Previously CEO of Bodegas Argento S.A., Estate Manager Philippe Rolet began his career at Domaine William Fèvre, (France) before joining the Alta Vista Group in Mendoza where he was CEO and President. Aged 46, he holds a French Management degree and is today at the head of the French Honorary Consulate in Mendoza.
With vineyards tretching along the eastern side of the Andes Mountains from Patagonia in the south to Salta in the north, Argentina is one of the world’s largest and most dynamic wine producing countries—and most important in South America.
Since the late 20th century vineyard investments, improved winery technology and a commitment to innovation have all contributed to the country’s burgeoning image as a producer of great wines at all price points. The climate here is diverse but generally continental and agreeable, with hot, dry summers and cold snowy winters—a positive, as snow melt from the Andes Mountains is used heavily to irrigate vineyards. Grapes very rarely have any difficulty achieving full ripeness.
Argentina’s famous Mendoza region, responsible for more than 70% of Argentina’s wine production, is further divided into several sub-regions, with Luján de Cuyo and the Uco Valley most noteworthy. Red wines dominate here, especially Malbec, the country’s star variety, while Chardonnay is the most successful white.
The province of San Juan is best known for blends of Bonarda and Syrah. Torrontés is a specialty of the La Rioja and Salta regions, the latter of which is also responsible for excellent Malbecs grown at very high elevation.

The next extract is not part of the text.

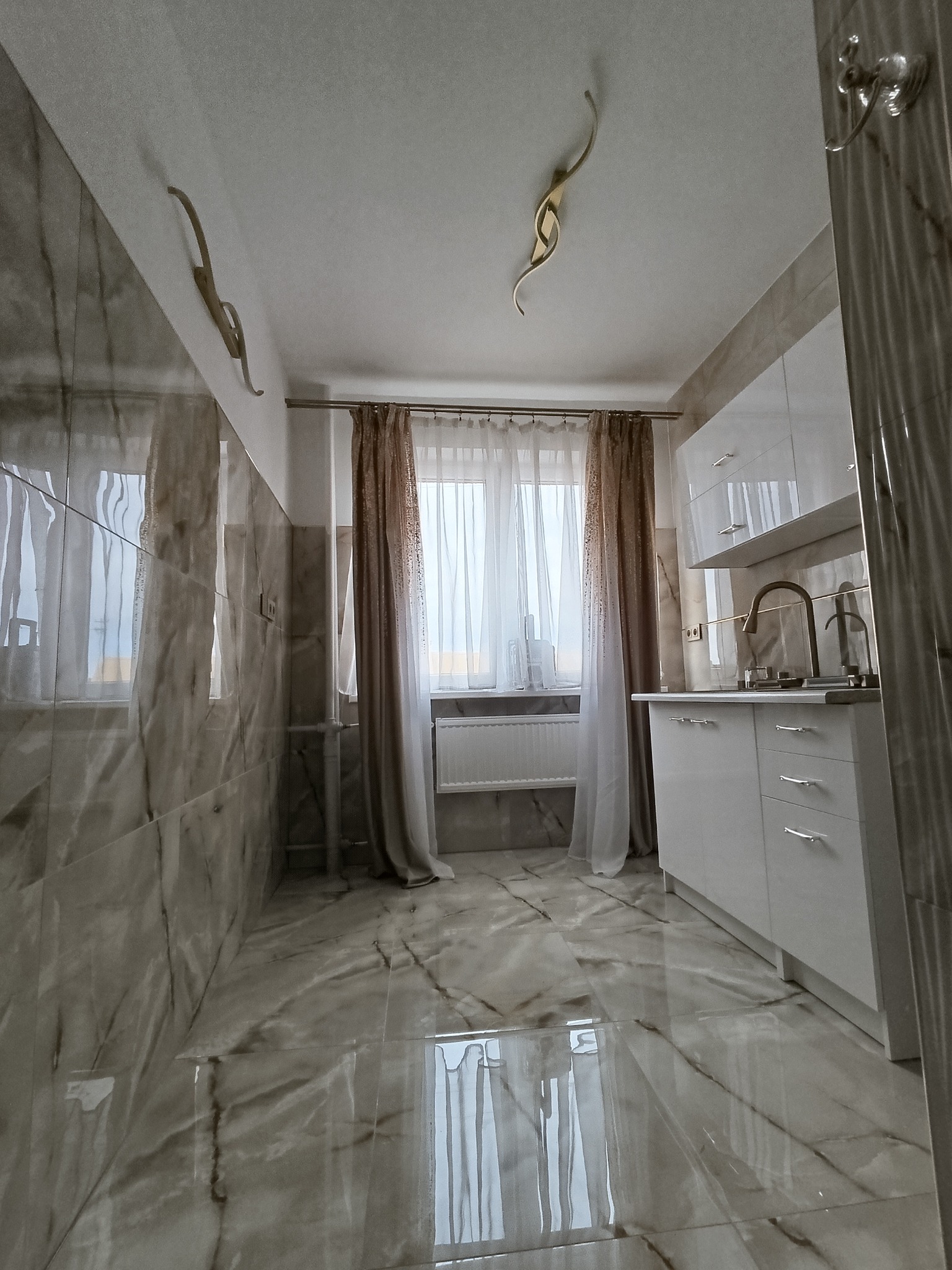 Wykończona kuchnia z błyszczącymi, marmurkowymi płytkami na ścianach i podłodze, białe szafki kuchenne z chromowanymi uchwytami, okno z białymi i brązowymi zasłonami, dekoracyjne, złote elementy...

One of the world’s most classic and popular styles of red wine, Bordeaux-inspired blends have spread from their homeland in France to nearly every corner of the New World, especially in California, Washington and Australia. Typically based on either Cabernet Sauvignon or Merlot and supported by Cabernet Franc, Malbec and Petit Verdot, these are sometimes referred to in the US as “Meritage” blends. In Bordeaux itself, Cabernet Sauvignon dominates in wines from the Left Bank of the Gironde River, while the Right Bank focuses on Merlot. Often, blends from outside the region are classified as being inspired by one or the other.
In the Glass
Cabernet-based, Left-Bank-styled wines are typically more tannic and structured, while Merlot-based wines modeled after the Right Bank are softer and suppler. Cabernet Franc can add herbal notes, while Malbec and Petit Verdot contribute color and structure. Wines from Bordeaux lean towards a highly structured and earthy style whereas New World areas (as in the ones named above) tend to produce bold and fruit-forward blends. Either way, Bordeaux red blends generally have aromas and flavors of black currant, cedar, plum, graphite, and violet, with more red fruit flavors when Merlot makes up a high proportion of the blend.

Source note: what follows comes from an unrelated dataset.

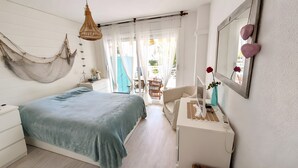 A bedroom with a bed, desk, chair, and a hammock. - Apartment 'Sea and Charm' with Shared Pool, Wi-Fi, and Air Conditioning (Miami Platja)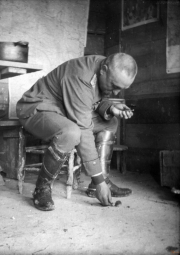 Soldat im Ersten Weltkrieg bei der Arbeit in einem Unterstand, umgeben von militärischer Ausrüstung und persönlichen Gegenständen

Since Bordeaux red blends are often quite structured and tannic, they pair best with hearty, flavorful and fatty meat dishes. Any type of steak makes for a classic pairing. Equally welcome with these wines would be beef brisket, pot roast, braised lamb or smoked duck.

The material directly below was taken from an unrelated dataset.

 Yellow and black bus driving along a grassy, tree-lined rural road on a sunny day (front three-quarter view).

While the region of Bordeaux is limited to a select few approved grape varieties in specified percentages, the New World is free to experiment. Bordeaux blends in California may include equal amounts of Cabernet Franc and Malbec, for example. Occassionally a winemaker might add a small percentage of a non-Bordeaux variety, such as Syrah or Petite Sirah for a desired result.